The BCC survey laid bare a depressing lack of exporting culture among smaller British firms. Many of those questioned doubted whether their products or services would hold appeal for overseas consumers, while a fifth expressed themselves quite happy with domestic sales. The research also highlighted the large number of firms that are unable or unwilling to tap overseas markets and, of those actually engaged in trade abroad, the number of current exporters that continue to face difficulties financing international deals.
Of those not expecting to export, nearly 10 per cent said they lacked 'the resources to make it happen', and a similar proportion said they would need help finding overseas customers. Meanwhile, trade finance and insurance still remain hard to come by for exporters, the survey showed. Of some 1,800 exporters, nearly a third (29 per cent) used some form of trade finance. However, half of all trade finance users had difficulty securing the financing they needed and said there had been little improvement during the last year.
Of over 2,500 current and likely exporters, a third (34 per cent) wanted Government help dealing with foreign exchange fluctuations, a quarter (28 per cent) needed support with working capital and short-term trade credit insurance, and a fifth (19 per cent) were looking for assistance with contract bonds. An absence of promotional activity identifying those government support schemes that do exist was another problem. Of all the businesses surveyed by the BCC, 65 per cent were unaware of the UK's official export credit agency, the Export Credit Guarantee Department. Worse still, nine out of ten companies that do export have never applied for or used its services, suggesting that ECGD's current products do not reach critical SME markets.
David Frost, surely not the David Frost, director general of the BCC, commented: "Our survey reveals some uncomfortable truths for British business and for the Government about our ability to export. Too many of our companies lack an exporting culture, even though they produce high quality goods and services. We cannot rebalance Britain's economy when so many companies say they're simply not ready or able to take their products overseas. Despite its rhetoric, the Government is not yet doing enough to encourage and incentivise exporting. The UK doesn't provide enough help to small- and medium-sized exporters, whereas governments in Canada, Germany, France and the USA take more steps to make sure their companies succeed overseas. Unless we see more help for small companies seeking trade finance, the UK will continue to see hundreds of millions of pounds of lost business."
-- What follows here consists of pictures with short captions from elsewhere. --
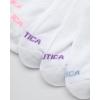 imageNautica Womens Quarter Socks  6 Pack Cushioned Moisture Wicking Breathable Womens Crew Socks for Running and WorkoutsAll White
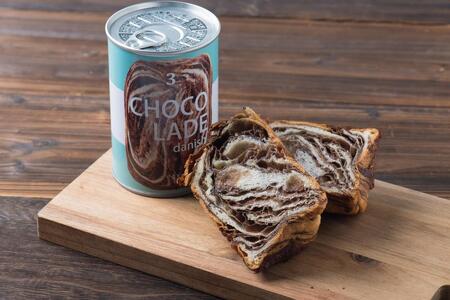 【ANDE】デニッシュ缶「3種(プレーン・メープル・ショコラーデ)」各2個 6缶セット［ 京都 食べ比べ 詰め合わせ 人気 おすすめ グルメ パン 食パン ギフト プレゼント お取り寄せ 通販 送料無料 ふるさと納税 ］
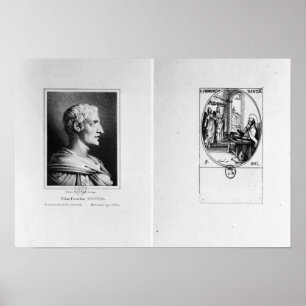 Affiches Gaius Cornelius Tacitus gravé par Julien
The role of Government in trade can be as subtle or as obvious as you like, no doubt reflecting your own take on politics. All Governments want to be seen as the champions of growth and confidence even those who say they firmly believe in market forces will apply a little pressure to those markets. It's interesting that the U.S.A and France are two of those countries cited by David Frost as I have personal and professional experience of both countries bending international rules on trade and Government involvement in order for 'their' companies to succeed in export markets. I can't help thinking that us Brits get so bogged down with rules that we sometime lose sight of what the actual game is about.